The vacation spot that looked so good in those glossy brochures is a distant memory.
By mid-April, as I watched the fuel prices climb, the “Big summer vacation” quickly became “What vacation? Did I say we were going on vacation?”
The good news is we don’t have to spend a lot of money to have some fun. It’s a fact that most good moms and dads must pass on to their children.
Sissy Osteen, Oklahoma State University associate professor and resource management specialist with the Oklahoma Cooperative Extension Service, knows where I’m coming from.
She offers the following suggestions for spending time together without overspending:
1. Do your homework. Be smart. Many hotels and resorts are offering rebates on gasoline and airfare. Go online and look for deals. While on the road, a motel pool is cheap entertainment for children and a free continental breakfast for a family of five is $50 that can go into the gas tank.

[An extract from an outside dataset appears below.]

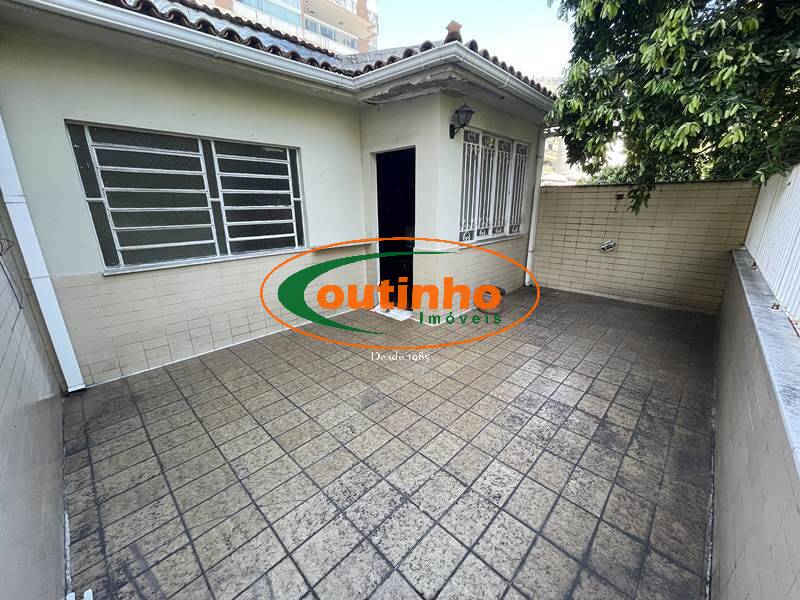 Casa à venda com 5 quartos, 160m² - Foto 4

Above all, if you haven’t budgeted for a trip, don’t succumb to the temptation of using credit cards to pay for it.
2. Stay close to home. Route 66 still offers kicks. The car is still the cheapest formof family transportation and Oklahoma has more miles of the historic roadway to explore than any other state. Visit destinations the family can reach and return home in a single day, and pack a picnic lunch to save on food expenses. Also communities throughout the state offer a wealth of free summer festivals and celebrations.
3. Let’s get together. Growing average life expectancy means retirement is getting longer for Americans. Hobbies are essential to happiness during retirement. This summer pursue an activity the entire family can share for many years. Begin learning to play tennis, golf or another sport. Learn to play a musical instrument. Take a class together. Buy cameras from a second-hand store and take up photography.
4. Not just for kids. The summer reading program at the public library is an experience the entire family can enjoy. So are volunteer programs. Teach children the rewards of philanthropy by involving the family in a community service activity this summer.